[Data items]
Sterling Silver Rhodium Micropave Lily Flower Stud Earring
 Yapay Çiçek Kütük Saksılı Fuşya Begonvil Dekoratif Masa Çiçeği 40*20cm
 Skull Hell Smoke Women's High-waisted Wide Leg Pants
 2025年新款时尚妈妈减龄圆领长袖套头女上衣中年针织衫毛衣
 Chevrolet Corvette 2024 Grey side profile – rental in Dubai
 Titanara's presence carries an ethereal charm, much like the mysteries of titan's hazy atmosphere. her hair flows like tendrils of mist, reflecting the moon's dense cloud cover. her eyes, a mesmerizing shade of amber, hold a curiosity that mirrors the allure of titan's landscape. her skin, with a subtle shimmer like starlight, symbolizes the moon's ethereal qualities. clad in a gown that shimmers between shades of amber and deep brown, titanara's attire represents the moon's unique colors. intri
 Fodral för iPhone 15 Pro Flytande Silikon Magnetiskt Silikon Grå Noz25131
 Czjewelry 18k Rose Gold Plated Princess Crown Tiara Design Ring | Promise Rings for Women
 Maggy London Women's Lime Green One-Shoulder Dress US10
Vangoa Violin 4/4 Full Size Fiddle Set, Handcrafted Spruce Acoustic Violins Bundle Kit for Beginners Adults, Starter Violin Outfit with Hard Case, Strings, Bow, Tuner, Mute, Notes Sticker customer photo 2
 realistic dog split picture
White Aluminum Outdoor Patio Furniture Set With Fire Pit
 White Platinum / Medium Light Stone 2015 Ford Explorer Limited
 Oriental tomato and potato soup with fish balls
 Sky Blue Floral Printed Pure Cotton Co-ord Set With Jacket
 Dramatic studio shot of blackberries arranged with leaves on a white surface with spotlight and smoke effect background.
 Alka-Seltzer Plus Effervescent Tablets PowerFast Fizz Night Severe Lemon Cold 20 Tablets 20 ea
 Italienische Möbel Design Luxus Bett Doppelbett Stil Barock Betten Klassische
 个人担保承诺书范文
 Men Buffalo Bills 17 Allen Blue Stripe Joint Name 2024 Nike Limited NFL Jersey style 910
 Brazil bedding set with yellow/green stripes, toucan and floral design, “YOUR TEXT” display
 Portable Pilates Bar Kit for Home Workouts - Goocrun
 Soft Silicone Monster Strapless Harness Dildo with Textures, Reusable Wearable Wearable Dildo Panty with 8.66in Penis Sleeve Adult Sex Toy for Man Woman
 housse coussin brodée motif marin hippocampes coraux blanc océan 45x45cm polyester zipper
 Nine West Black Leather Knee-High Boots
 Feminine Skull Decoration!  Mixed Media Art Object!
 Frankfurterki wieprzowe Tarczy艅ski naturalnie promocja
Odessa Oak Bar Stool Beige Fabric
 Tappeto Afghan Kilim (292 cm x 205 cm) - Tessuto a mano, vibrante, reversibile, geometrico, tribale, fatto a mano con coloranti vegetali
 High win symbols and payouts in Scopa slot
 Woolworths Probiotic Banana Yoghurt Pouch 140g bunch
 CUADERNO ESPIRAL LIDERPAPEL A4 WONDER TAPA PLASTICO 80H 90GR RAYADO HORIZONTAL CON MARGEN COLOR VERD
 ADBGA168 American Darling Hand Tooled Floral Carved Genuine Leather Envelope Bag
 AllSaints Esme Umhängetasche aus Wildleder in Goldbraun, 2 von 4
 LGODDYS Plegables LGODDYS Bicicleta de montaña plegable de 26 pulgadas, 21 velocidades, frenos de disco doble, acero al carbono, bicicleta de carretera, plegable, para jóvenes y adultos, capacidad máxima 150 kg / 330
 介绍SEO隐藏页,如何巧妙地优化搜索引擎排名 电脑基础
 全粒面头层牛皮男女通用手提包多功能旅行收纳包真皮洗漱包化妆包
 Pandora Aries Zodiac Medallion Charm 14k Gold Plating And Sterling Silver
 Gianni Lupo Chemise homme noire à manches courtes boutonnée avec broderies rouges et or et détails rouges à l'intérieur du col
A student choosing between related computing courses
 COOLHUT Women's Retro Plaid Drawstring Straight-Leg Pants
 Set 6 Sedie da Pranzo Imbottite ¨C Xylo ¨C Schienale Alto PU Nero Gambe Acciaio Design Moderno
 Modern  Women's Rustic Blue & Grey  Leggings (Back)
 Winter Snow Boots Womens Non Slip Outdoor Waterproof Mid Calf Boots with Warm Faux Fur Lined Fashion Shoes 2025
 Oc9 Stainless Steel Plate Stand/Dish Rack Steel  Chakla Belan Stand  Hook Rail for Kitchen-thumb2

| Task prompt |
Each line above should be duplicated without any alteration.

| Response to this exercise |
Sterling Silver Rhodium Micropave Lily Flower Stud Earring
 Yapay Çiçek Kütük Saksılı Fuşya Begonvil Dekoratif Masa Çiçeği 40*20cm
 Skull Hell Smoke Women's High-waisted Wide Leg Pants
 2025年新款时尚妈妈减龄圆领长袖套头女上衣中年针织衫毛衣
 Chevrolet Corvette 2024 Grey side profile – rental in Dubai
 Titanara's presence carries an ethereal charm, much like the mysteries of titan's hazy atmosphere. her hair flows like tendrils of mist, reflecting the moon's dense cloud cover. her eyes, a mesmerizing shade of amber, hold a curiosity that mirrors the allure of titan's landscape. her skin, with a subtle shimmer like starlight, symbolizes the moon's ethereal qualities. clad in a gown that shimmers between shades of amber and deep brown, titanara's attire represents the moon's unique colors. intri
 Fodral för iPhone 15 Pro Flytande Silikon Magnetiskt Silikon Grå Noz25131
 Czjewelry 18k Rose Gold Plated Princess Crown Tiara Design Ring | Promise Rings for Women
 Maggy London Women's Lime Green One-Shoulder Dress US10
Vangoa Violin 4/4 Full Size Fiddle Set, Handcrafted Spruce Acoustic Violins Bundle Kit for Beginners Adults, Starter Violin Outfit with Hard Case, Strings, Bow, Tuner, Mute, Notes Sticker customer photo 2
 realistic dog split picture
White Aluminum Outdoor Patio Furniture Set With Fire Pit
 White Platinum / Medium Light Stone 2015 Ford Explorer Limited
 Oriental tomato and potato soup with fish balls
 Sky Blue Floral Printed Pure Cotton Co-ord Set With Jacket
 Dramatic studio shot of blackberries arranged with leaves on a white surface with spotlight and smoke effect background.
 Alka-Seltzer Plus Effervescent Tablets PowerFast Fizz Night Severe Lemon Cold 20 Tablets 20 ea
 Italienische Möbel Design Luxus Bett Doppelbett Stil Barock Betten Klassische
 个人担保承诺书范文
 Men Buffalo Bills 17 Allen Blue Stripe Joint Name 2024 Nike Limited NFL Jersey style 910
 Brazil bedding set with yellow/green stripes, toucan and floral design, “YOUR TEXT” display
 Portable Pilates Bar Kit for Home Workouts - Goocrun
 Soft Silicone Monster Strapless Harness Dildo with Textures, Reusable Wearable Wearable Dildo Panty with 8.66in Penis Sleeve Adult Sex Toy for Man Woman
 housse coussin brodée motif marin hippocampes coraux blanc océan 45x45cm polyester zipper
 Nine West Black Leather Knee-High Boots
 Feminine Skull Decoration!  Mixed Media Art Object!
 Frankfurterki wieprzowe Tarczy艅ski naturalnie promocja
Odessa Oak Bar Stool Beige Fabric
 Tappeto Afghan Kilim (292 cm x 205 cm) - Tessuto a mano, vibrante, reversibile, geometrico, tribale, fatto a mano con coloranti vegetali
 High win symbols and payouts in Scopa slot
 Woolworths Probiotic Banana Yoghurt Pouch 140g bunch
 CUADERNO ESPIRAL LIDERPAPEL A4 WONDER TAPA PLASTICO 80H 90GR RAYADO HORIZONTAL CON MARGEN COLOR VERD
 ADBGA168 American Darling Hand Tooled Floral Carved Genuine Leather Envelope Bag
 AllSaints Esme Umhängetasche aus Wildleder in Goldbraun, 2 von 4
 LGODDYS Plegables LGODDYS Bicicleta de montaña plegable de 26 pulgadas, 21 velocidades, frenos de disco doble, acero al carbono, bicicleta de carretera, plegable, para jóvenes y adultos, capacidad máxima 150 kg / 330
 介绍SEO隐藏页,如何巧妙地优化搜索引擎排名 电脑基础
 全粒面头层牛皮男女通用手提包多功能旅行收纳包真皮洗漱包化妆包
 Pandora Aries Zodiac Medallion Charm 14k Gold Plating And Sterling Silver
 Gianni Lupo Chemise homme noire à manches courtes boutonnée avec broderies rouges et or et détails rouges à l'intérieur du col
A student choosing between related computing courses
 COOLHUT Women's Retro Plaid Drawstring Straight-Leg Pants
 Set 6 Sedie da Pranzo Imbottite ¨C Xylo ¨C Schienale Alto PU Nero Gambe Acciaio Design Moderno
 Modern  Women's Rustic Blue & Grey  Leggings (Back)
 Winter Snow Boots Womens Non Slip Outdoor Waterproof Mid Calf Boots with Warm Faux Fur Lined Fashion Shoes 2025
 Oc9 Stainless Steel Plate Stand/Dish Rack Steel  Chakla Belan Stand  Hook Rail for Kitchen-thumb2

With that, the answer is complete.